William Baumol's book "The Cost Disease: Why Computer Get Cheaper and Health Care Doesn't" suggests the DMCB may have two out of three correct. The DMCB was alerted to this book thanks to an Economist review and is about half way through it. What it's read so far is eye opening.
According Professor Baumol, a nation's health care costs should be contrasted with the rest of its economy. Using that perspective, two national economic sectors are:
1) progressive, which uses innovations to reduce labor costs and
2) stagnant, which relies on personal services and will always have fixed labor costs.
Examples of progressive goods are automobiles and computers. In inflation-adjusted terms, their costs have dropped precipitously. That's because fewer workers are needed per car (translating into lower labor costs), technology has made them more efficient, safe and fun. Not only do we feel wealthy, the drop in progressive costs of transportation, housing and food means we really are more wealthy.
Examples of stagnant goods are education and health care. In inflation-adjusted terms, their costs have remained stubbornly elevated. There have been some attempts at "do it yourself" learning or treatment. There have been stunning advances in the science health care. Distance learning is a growing option. Yet, teaching and doctoring remain remain highly personalized, Human resource costs rule when it comes to individualized care.
In simple mathematical terms, the falling costs of the progressive goods and services translates into a shrinking fraction of an economy. While the absolute number of computers and cars is increasing, their absolute dollar value - which is the metric used to measure a nation's gross domestic product (GDP) - is lower. As a result, the denominator is smaller, making the percent of GDP going to health care (the numerator) relatively larger. Health care costs aren't really going up, the cost of everything else is going down.
But wait, it gets worse. As labor gets squeezed out of the progressive economic sector, two things are happening:
a) the value of progressive manual labor is dropping, leading to falling wages for millions of unlucky Americans who are not "knowledge" workers (like engineers and technologists);
b) because less of everyone's income will be spent on stuff like cars and computers, they'll see a greater percent of their income going toward - you guessed it - health care and education. That means the unlucky manual workers unable to find jobs in progressive manufacturing will find that education and health care are unaffordable.
Enter government. Whether we planned it or not, government has traditionally supported stagnant services. This not only includes health care and education, but others that are fundamentally personal, like policing, sanitation and the military.

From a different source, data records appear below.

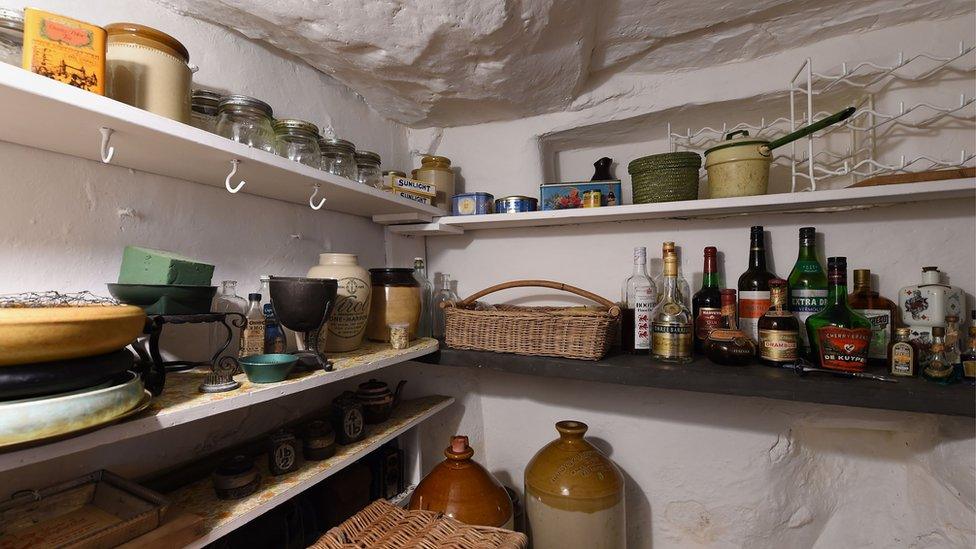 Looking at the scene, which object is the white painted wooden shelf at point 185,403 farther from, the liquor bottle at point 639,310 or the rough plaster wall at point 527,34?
the rough plaster wall at point 527,34

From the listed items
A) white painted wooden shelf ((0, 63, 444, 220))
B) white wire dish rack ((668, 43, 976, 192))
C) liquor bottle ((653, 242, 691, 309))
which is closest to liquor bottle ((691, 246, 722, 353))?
liquor bottle ((653, 242, 691, 309))

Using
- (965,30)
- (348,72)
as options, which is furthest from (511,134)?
(965,30)

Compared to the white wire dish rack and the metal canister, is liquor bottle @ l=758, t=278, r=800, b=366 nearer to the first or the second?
the white wire dish rack

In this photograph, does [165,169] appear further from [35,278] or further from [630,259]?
[630,259]

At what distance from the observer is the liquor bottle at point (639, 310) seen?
3.73ft

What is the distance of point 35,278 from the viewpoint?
701mm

As a result, even if the U.S. government doesn't change a thing, it's inevitable that health care will occupy a greater portion of a nation's GDP. And since displaced workers from the progressive sector can't afford it, it makes sense for government to expand what it's been doing all along.

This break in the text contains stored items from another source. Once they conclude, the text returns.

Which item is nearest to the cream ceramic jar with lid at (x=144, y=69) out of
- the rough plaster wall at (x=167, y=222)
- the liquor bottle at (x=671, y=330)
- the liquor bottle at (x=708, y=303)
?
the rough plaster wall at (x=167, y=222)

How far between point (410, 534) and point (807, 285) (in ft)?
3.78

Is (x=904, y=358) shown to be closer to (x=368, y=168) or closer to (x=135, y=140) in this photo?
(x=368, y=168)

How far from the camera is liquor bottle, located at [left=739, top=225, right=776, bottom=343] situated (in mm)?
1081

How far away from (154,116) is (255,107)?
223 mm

Bottom line? "Rising" health care costs are a function of its highly personal nature surrounded by an increasingly efficient economy that enables us and our government to pay for it. Dr. Baumol calls this phenomenon "cost disease."
Dr. Baumol makes two other points:
1) The fundamental danger to society is not the rising costs of education and health care. It's the falling progressive price of weapons (from AK-47s to nuclear bombs) and the pollution from expanded manufacturing (from oil spills to global warming).
2) Many decade's worth of past attempts to blunt health care costs as GDP rises have failed and will continue to do so.